(CN) - The state of Wisconsin unlawfully uses citation quotas to measure the performance of its state troopers, the union representing the officers claims in court.
In a complaint filed in Dane County, Wis., the union claims troopers are required to execute one traffic stop per hour of patrol and to issue 1 citation for every 1.8 hours of patrol.
The union claims these rules have been in force ever since the State Patrol division of the Wisconsin Department of Transportation revised its evaluation forms in 2012.
As per the evaluation forms, the state also requires troopers to issue a warning to a motorist every eight hours, the complaint says.
The Wisconsin Law Enforcement Association claims all this violates a 1999 state law prohibiting municipalities from "directly or indirectly" requiring officers to meet such quotas.
In addition, meeting these static quotas can be more difficult depending on an officer's shift and patrol location, the union says.

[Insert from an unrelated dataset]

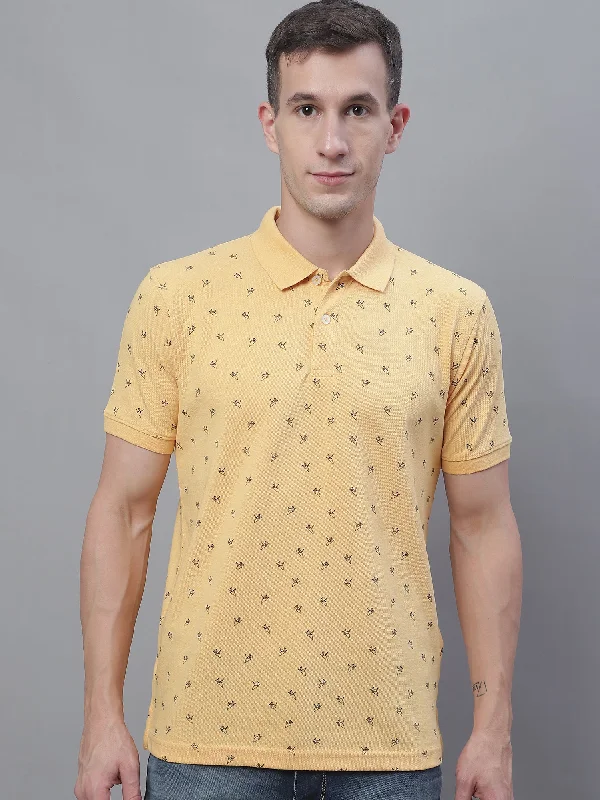 Men Yellow Polo Neck T-Shirt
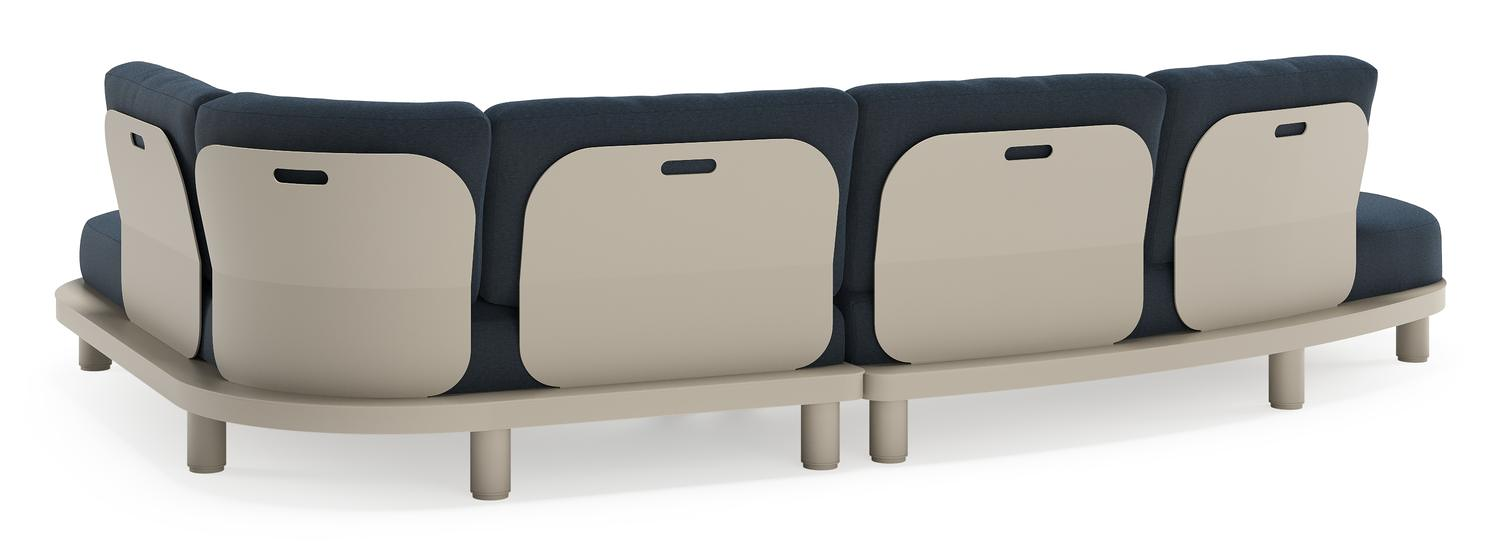 Salon de jardin d'angle Donato en aluminium beige et coussins en all weather sunbrella® luxe Heritage Indigo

The October 19 filling also alleges that troopers who do not meet the quotas face consequences, including "job instructions with added working conditions; the denial of training opportunities, for instance, the honor guard; being assigned less desirable vehicles and older equipment; shift-time changes which have adverse health effects on certain troopers; being phoned and emailed often about 'poor work efforts' resulting in stress and requiring mental health counseling; and, compromised safety especially during night shift stops in snowstorms where squad cars have ended up sliding off the road."
On top of that, the state wants to expand the quotas to include even more officers, the union says.
The Department of Justice did not immediately respond to a request for comment, but a pamphlet on the Wisconsin Department of Transportation's website states "State Patrol officers absolutely do not have a quota for issuing citations."
The union is asking for declarations that the quota system is unlawful and an immediate cease of enforcement, in addition to removal of any disciplinary action or negative review based on the quota system from employees' files, according to the complaint.
It is represented by Sally Stix of Madison, Wis.